頭頂に突き出た一対の耳……らしき切れ端と、麻糸の尻尾を目の当たりにしてようやく「あっ、ウマ娘か」と先日の畠山に言わしめた逸品である。特筆すべき点といえば、半日ナップサックの底に封じ込められていたわりにはしゃっきりと原型を留めた姿勢でベッドに座れていることだろう。きっと、モデルになった少女と同じ不屈の魂を持っているのだ。
「今日も一日頑張りましたよ。いい夢見られますかねー?」
物心つく前からずっと、ずっと彼女を見守ってきた黒いプラスチックの瞳が無言で応えてくれた。
全然なんも頑張ってない気もするけど、大丈夫。誰かがきっと見ていてくれる。だから安心して目を閉じようね。

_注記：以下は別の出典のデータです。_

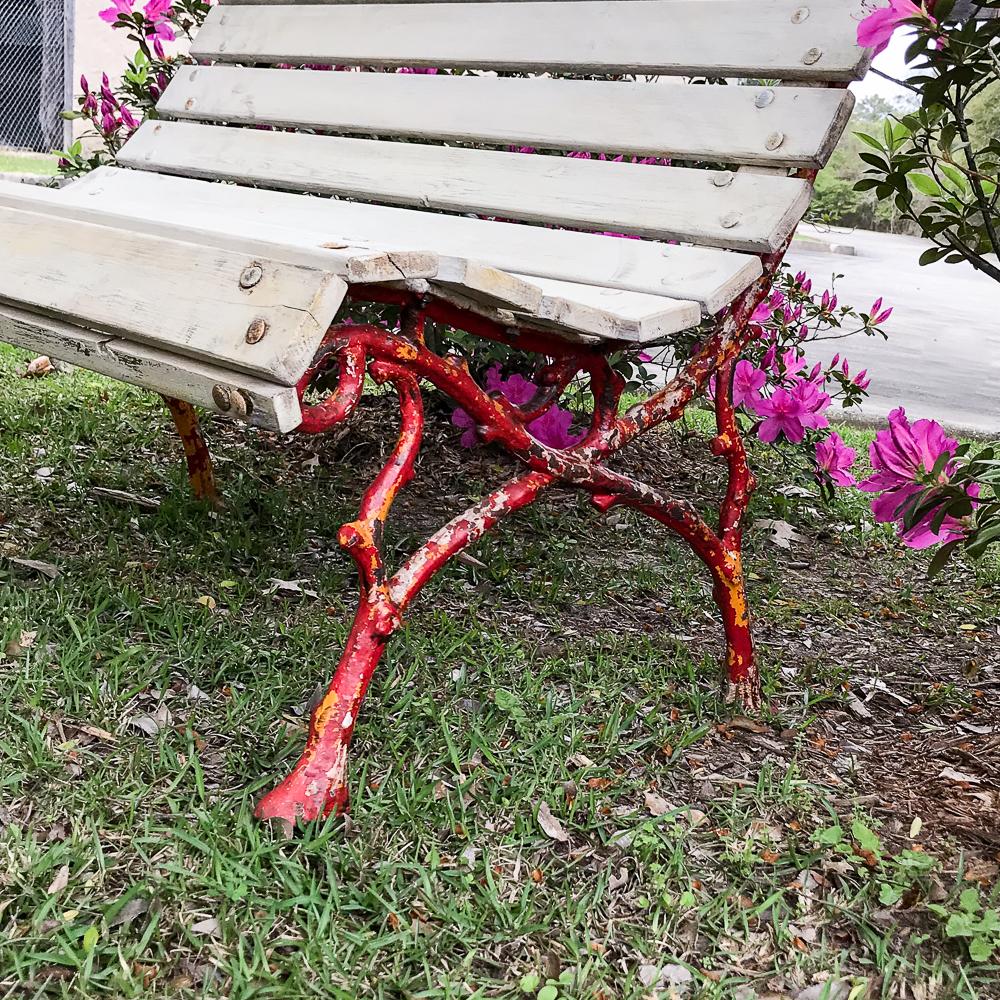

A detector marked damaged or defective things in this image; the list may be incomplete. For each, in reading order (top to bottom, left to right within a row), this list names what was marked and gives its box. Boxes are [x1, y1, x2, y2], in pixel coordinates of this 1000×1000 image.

rusty metal frame [250, 242, 788, 828]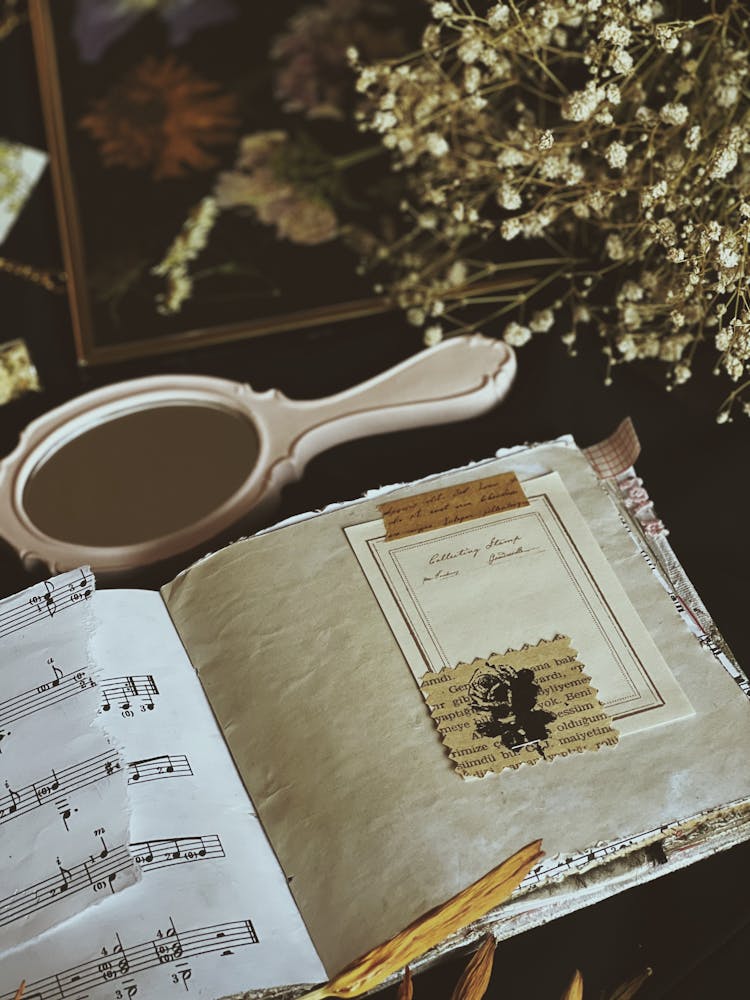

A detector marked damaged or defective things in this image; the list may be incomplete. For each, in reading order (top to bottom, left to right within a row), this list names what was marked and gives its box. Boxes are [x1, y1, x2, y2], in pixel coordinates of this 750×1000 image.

torn paper scrap [376, 468, 528, 540]
torn paper scrap [420, 632, 620, 780]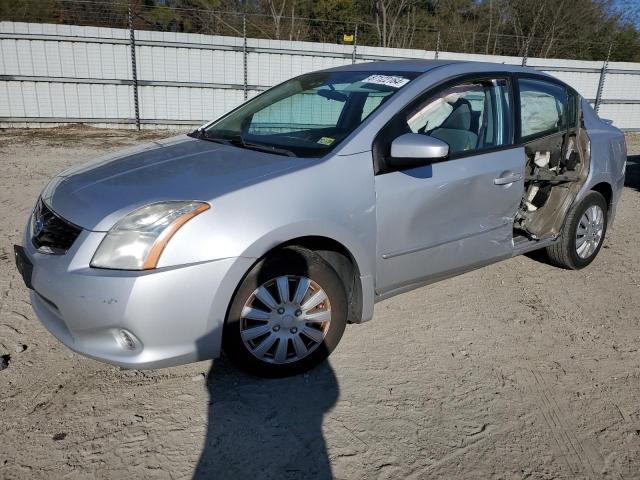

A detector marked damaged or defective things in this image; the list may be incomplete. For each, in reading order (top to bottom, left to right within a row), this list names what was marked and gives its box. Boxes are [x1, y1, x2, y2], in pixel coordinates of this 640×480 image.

damaged car door [376, 77, 524, 294]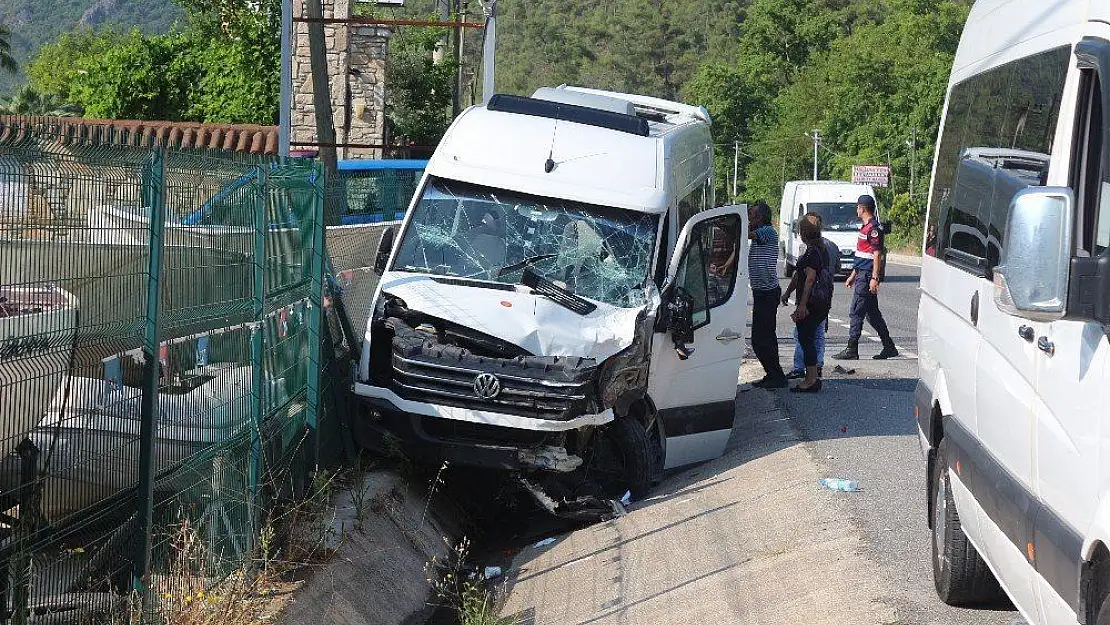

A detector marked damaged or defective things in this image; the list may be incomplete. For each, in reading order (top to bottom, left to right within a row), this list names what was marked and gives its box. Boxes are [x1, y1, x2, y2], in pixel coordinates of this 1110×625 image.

crumpled hood [381, 275, 648, 361]
shattered windshield glass [392, 176, 657, 308]
cracked windshield [392, 177, 657, 308]
crashed van [352, 85, 754, 515]
white damaged minibus [352, 86, 754, 519]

部屋の明かりが消えたのはそれから三十秒後のことだった。ほどなくして軽い、規則正しいいびきが少女の屋根の下を満たしていく。歯磨きしろよ。
註1:ニジンスキー
ここではロシアの舞踏家・振付師であるヴァーツラフ・ニジンスキー氏と、後年その「生まれ変わり」を自称したカナダ出身の競走選手・舞踏家・スポーツ指導者であるフレイヤ・P・エンゲルハード女史の双方を揶揄的に指す。
註2:リボー
イタリア出身の競走選手。伊・英・仏で走り十六戦十六勝、凱旋門賞連覇などの成績を残した。小柄な体格と奔放な人柄で知られる。
註3:ハイペリオン
イギリス出身の競走選手・冒険家。英ダービー・英セントレジャーステークスなど。引退後は冒険家に転身、三度に渡る単独大西洋横断飛行に成功するなど再び名を成した。
註4:ウォーアドミラル
アメリカの競走選手。第四代米国三冠ウマ娘。